Quelles mesures à prendre pour que l’accompagnement de ces enfants porte ses fruits ?
Maintenant sous le choc, ils impressionnent toute la nation par leur bravoure, leur courage et leur zèle face à cette tragédie. Tout le monde cherche quoi leur offrir sous le coup de l’émotion pour les aider. Mais les prendre en charge est un travail de longue haleine, loin des sentiments quoique d’intention bienveillante et de l’empathie. Cela demande de vraies structures de soins de proximité qui ne s’appuient pas seulement sur le bénévolat. Des cellules d’écoute proches des zones touchées, rassemblant psychiatres, pédopsychiatres, psychologues, intervenants et coordinateurs sociaux. Pour certains, on aura besoin de médicaments, pour d’autres des séances de psychothérapie, et pour la plupart on doit s’assurer d’une bonne réintégration au sein des familles et dans les écoles.
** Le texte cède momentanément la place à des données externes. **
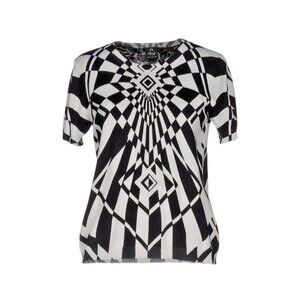 Lafty Lie Women's Black & White Geometric Crew Neck Stretch Sweater Top Sz 10/46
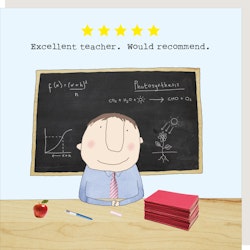 Card Five Star Teacher Boy
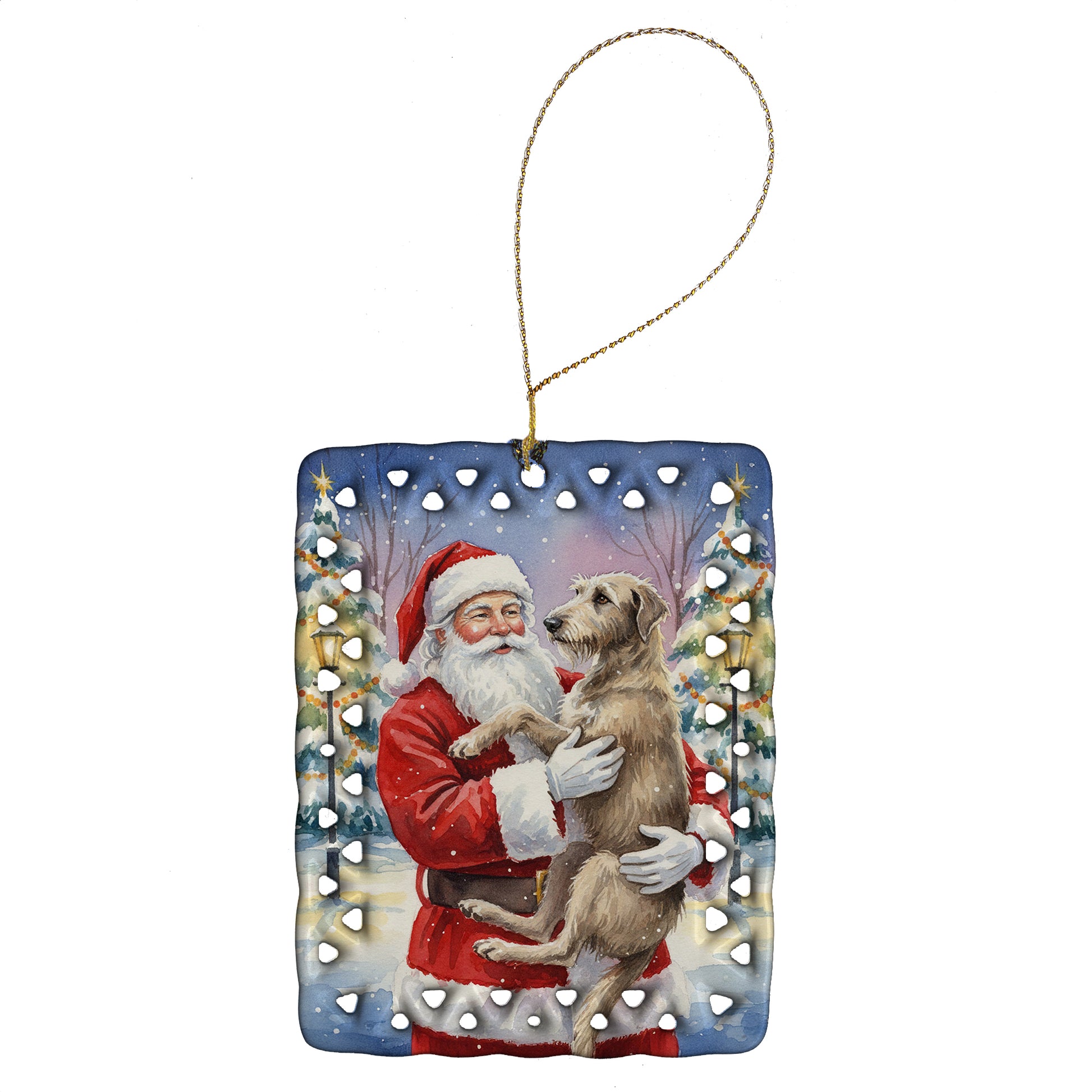 Buy this Scottish Deerhound with Santa Claus Porcelain Ornament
Quelles sont les personnes qualifiées pour garantir un accompagnement authentique de ces enfants ?
Parlons plutôt de structures. Même si on est honnête, empathique et authentique, si les efforts ne s’inscrivent pas dans le cadre d’une structure de soins bien organisée et hiérarchisée, ils risquent fort de déraper.
Et nous avons vu de nos propres yeux des initiatives improvisées qui ont plutôt compliqué la situation plutôt que d’apporter une aide réelle aux victimes.